What the task asks: Set down each entry below exactly as written, keeping the pictures out.

Pictures with short captions:
Segment Open
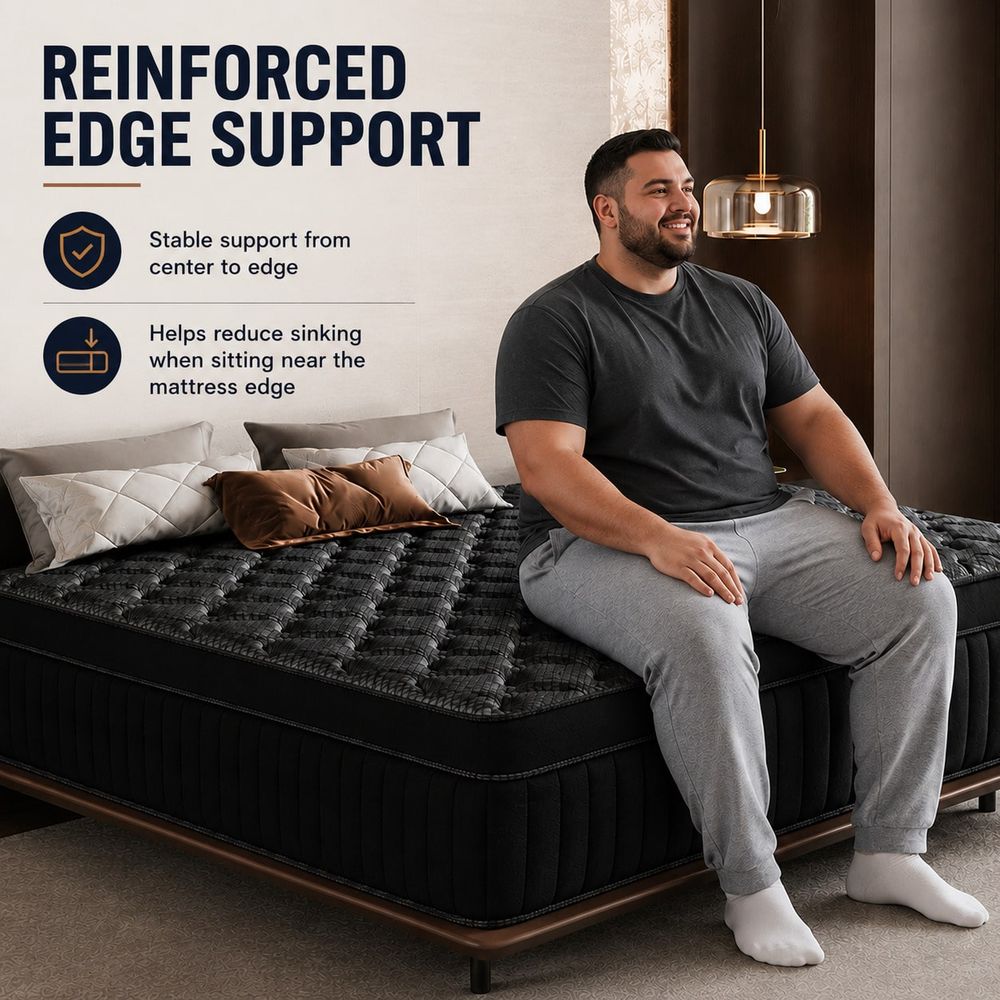 Kasur, Ukuran 8 10 12 14, Sing - Memory Foam Mattress In A Box Queen ulasan dan harga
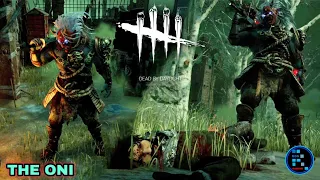 DBD THE ONI KILLER | RON Ne Sab Ki Full Dhulai Ki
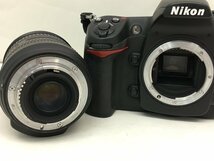 Nikon D300/DX AF-S NIKKOR 18-200mm 1:3.5-5.6G ED デジタル一眼レフカメラ ジャンク 中古【UW120237】_画像3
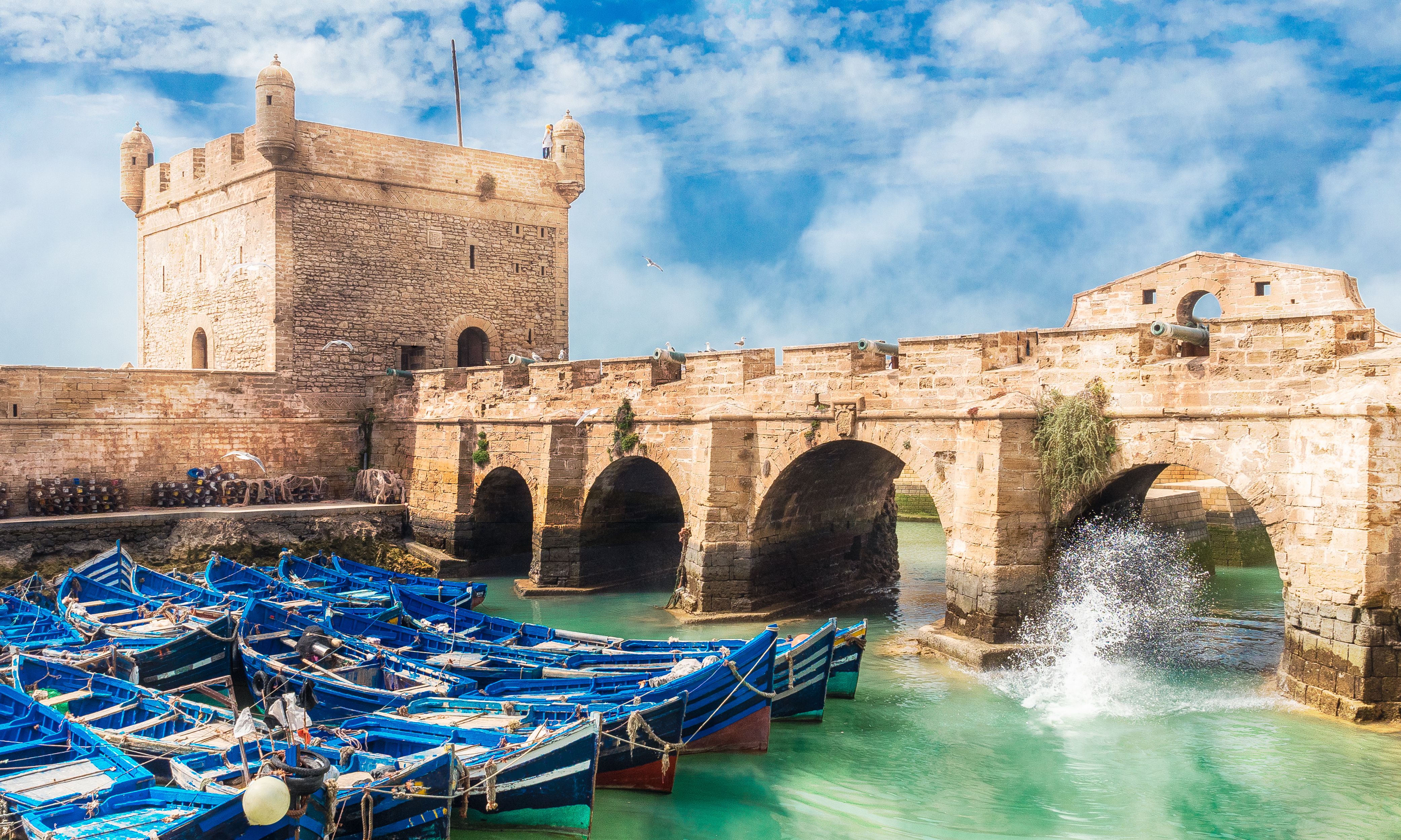 Marokko-Essaouira-vissersdorpje-Atlantische-Oceaan-haven-3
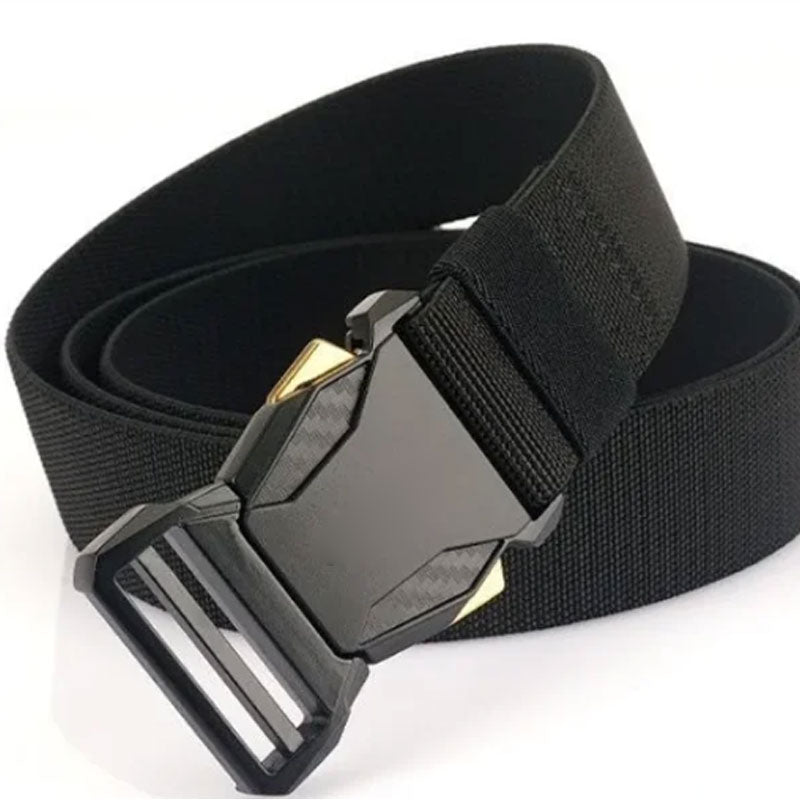 Men's Belt with Adjustable Convenience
Segment Closed
Response:
 Kasur, Ukuran 8 10 12 14, Sing - Memory Foam Mattress In A Box Queen ulasan dan harga
 DBD THE ONI KILLER | RON Ne Sab Ki Full Dhulai Ki
 Nikon D300/DX AF-S NIKKOR 18-200mm 1:3.5-5.6G ED デジタル一眼レフカメラ ジャンク 中古【UW120237】_画像3
 Marokko-Essaouira-vissersdorpje-Atlantische-Oceaan-haven-3
 Men's Belt with Adjustable Convenience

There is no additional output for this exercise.